Several judicial staff decided to do something about it.  The Honorable William Blair Sylvester of the 18th Judicial Court started the dialogue. Arapahoe County Sheriff Grayson Robinson came up with intervention methods that identified inmates with issues to separate them out of the judicial system and to deal with them before they broke any laws.  Gina K. Shimeall spearheaded the planning and implementation of what became, in 2009, the Mental Health Court.  They call it therapeutic jurisprudence.  By cross-collaborating with different agencies and providing case management and treatment to identified inmates, the Mental Health Court is working to break the cycle of incarceration and get people the help they really need.

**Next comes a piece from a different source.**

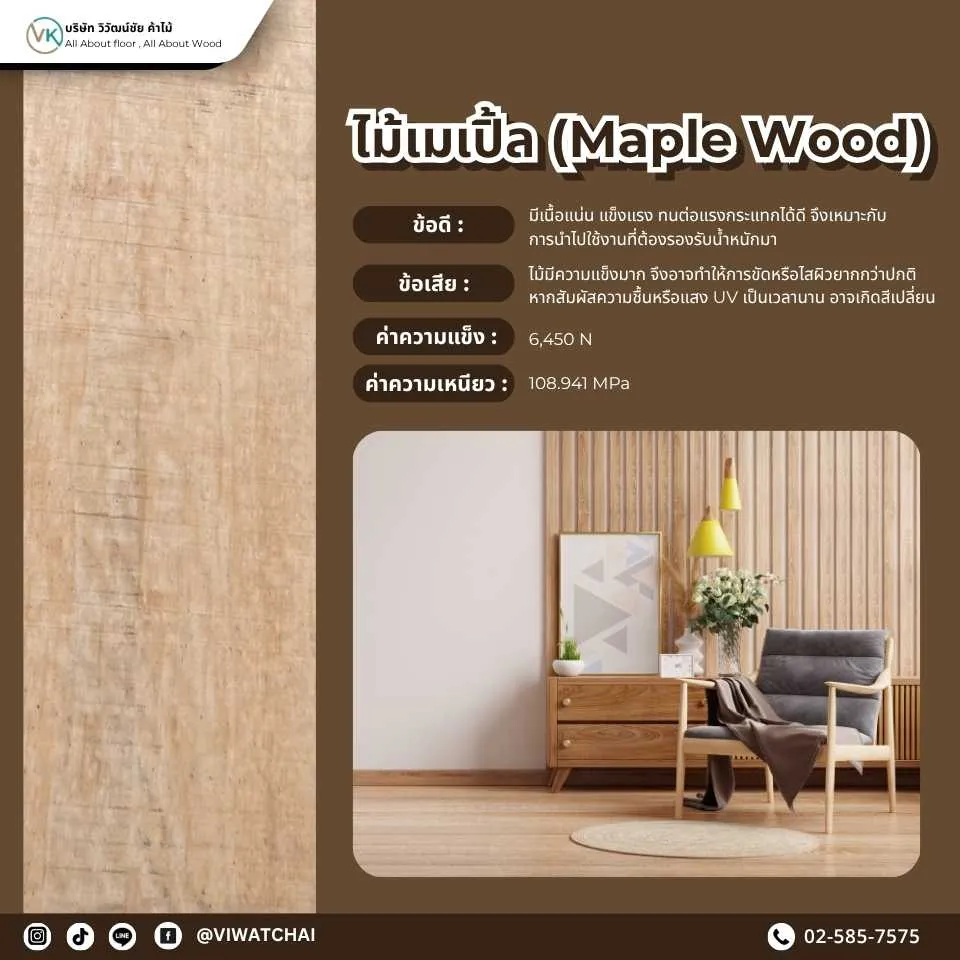 ไม้แปรรูปจากไม้เมเปิ้ล (Maple Wood) - ไม้แปรรูปที่มีความทนทานสูงและสีสันที่สวยงาม เหมาะสำหรับการใช้งานในเฟอร์นิเจอร์และงานตกแต่ง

On Thursday, May 13, proponents and participating agencies of the Mental Health Court gathered for the Arapahoe/Douglas Mental Health Network's annual benefit luncheon to present Judge Sylvester with the Distinguished Service Award and Ms. Shimeall with the Community Hero Award.

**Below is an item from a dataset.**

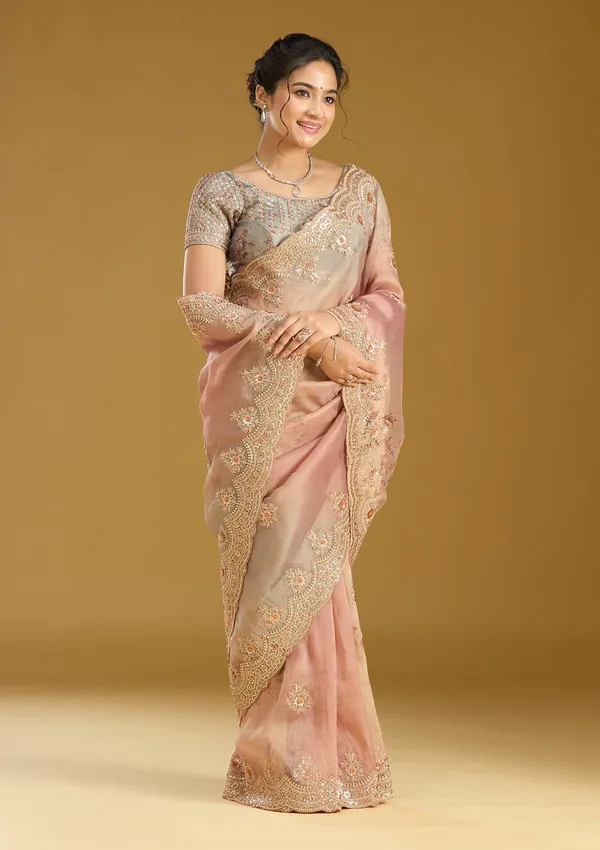 Rust_Sequins_Organza_Saree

Guests were able to meet keynote speaker, Jennifer Ayers-Moore, sister to Nathaniel Ayers and founder and chair of the Nathaniel Anthony Ayers Foundation, which supports art programs at organizations that serve the mentally ill.  For families who have a member that may be suffering, she advises them to remain non-judgmental and to advocate for them to get them help.  For her brother, perhaps the greatest thing to come out of the movie was a sense of acceptance, and finally being a part of society.  Nathaniel told her that he was excited to have people to talk to now.  For others living with mental illness, that disconnection from others can make their symptoms worse.  Jennifer applauded ADMHN for the critical support they offer both families and patients.  "It takes a committed person to work with someone who has a mental illness," she said.